I guess to me it's all relative. How can one remain in a church that teaches that there is no sin, that simply being baptized assures salvation, that the Bible is not authoritative, that all religions are equally valid, that the Church should conform itself to secular culture, and that the Gospel has been supplanted by the United Nations millennium Development Goals?


----------



## JBaldwin (Oct 21, 2009)

jpfrench81 said:


> This story made me very mad and sad. It seems hypocritical to allow some priests to marry and some to not. It is sad that more will be added to the fold of the Roman Catholic church and be taught that they are justified by faith and works.



As the article indicated this practice of allowing married Anglican priests to become catholic priests has been allowed for awhile. What angers me is how the RCC has handled this. 
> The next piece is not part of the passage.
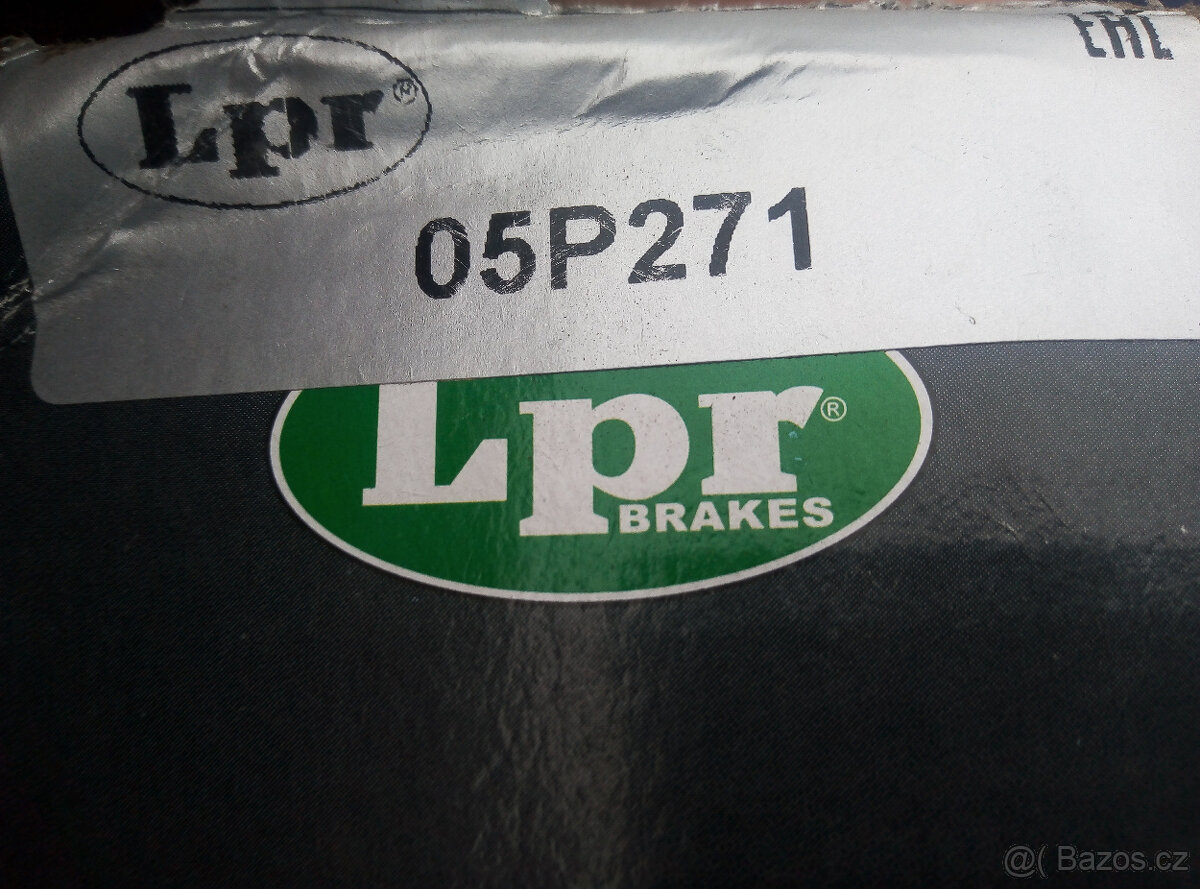 brzdové deštičky - 4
Up until now, only the married Anglican priests who could further the cause of the unification of all religions under the RCC have been allowed to become RC priests. Each one of them has had to seek special approval from the pope. An old friend of mine is a perfect example of this. He was a married Anglican priest who converted to catholicism when the COE was making moves to ordain gays and women. After his books and writings about converting to catholicism became popular among RCs, he was suddenly granted the right to become a RC priest and given a prestigiuos position in an RCC in the USA. His (my friend's) type have laid the groundwork for a move the pope and his predecessor have been planning to make for some time. 
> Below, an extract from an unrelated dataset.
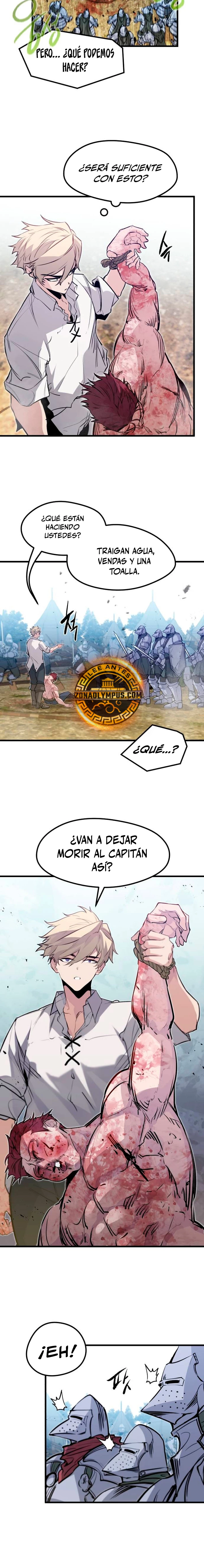 Las conspiraciones del mercenario regresado Capitulo 20 página 11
There are similar overtures from Rome to other denominations. I imagine we will see more and more of this in the future. (Did anyone say the pope is an anti-Christ?)


----------



## dudley (Oct 21, 2009)

jpfrench81 said:


> This story made me very mad and sad. It seems hypocritical to allow some priests to marry and some to not. It is sad that more will be added to the fold of the Roman Catholic church and be taught that they are justified by faith and works.



It makes me also sad. But does not surprise me. I voted hands down on the roman catholic church over 3 years ago. I left the roman catholic church in 2006 because of the moves Benedict was making to reverse the open dialogue that was the intent of Vatican II between Protestants and roman catholicism. I became an Episcopalian at first then as I studied Protestantism and the Protestant Reformation I became born again into the Reformed Branch of Protestantism in 2007. I am thankful that I am no longer a roman catholic. I am more thankful to God alone in my conversion to the Reformed Protestant faith.

In faith alone,
Dudley


----------



## JM (Oct 21, 2009)

This isn't the first time. John Paul did a little reaching after the 1976 General Convention approved the ordination of women and a new prayerbook.

Anglican Use - Wikipedia, the free encyclopedia

http://anglicancatholic.ca/documents/Affirm.pdf


----------



## Philip (Oct 21, 2009)

Hawaiian Puritan said:


> I guess to me it's all relative. How can one remain in a church that teaches that there is no sin, that simply being baptized assures salvation, that the Bible is not authoritative, that all religions are equally valid, that the Church should conform itself to secular culture, and that the Gospel has been supplanted by the United Nations millennium Development Goals?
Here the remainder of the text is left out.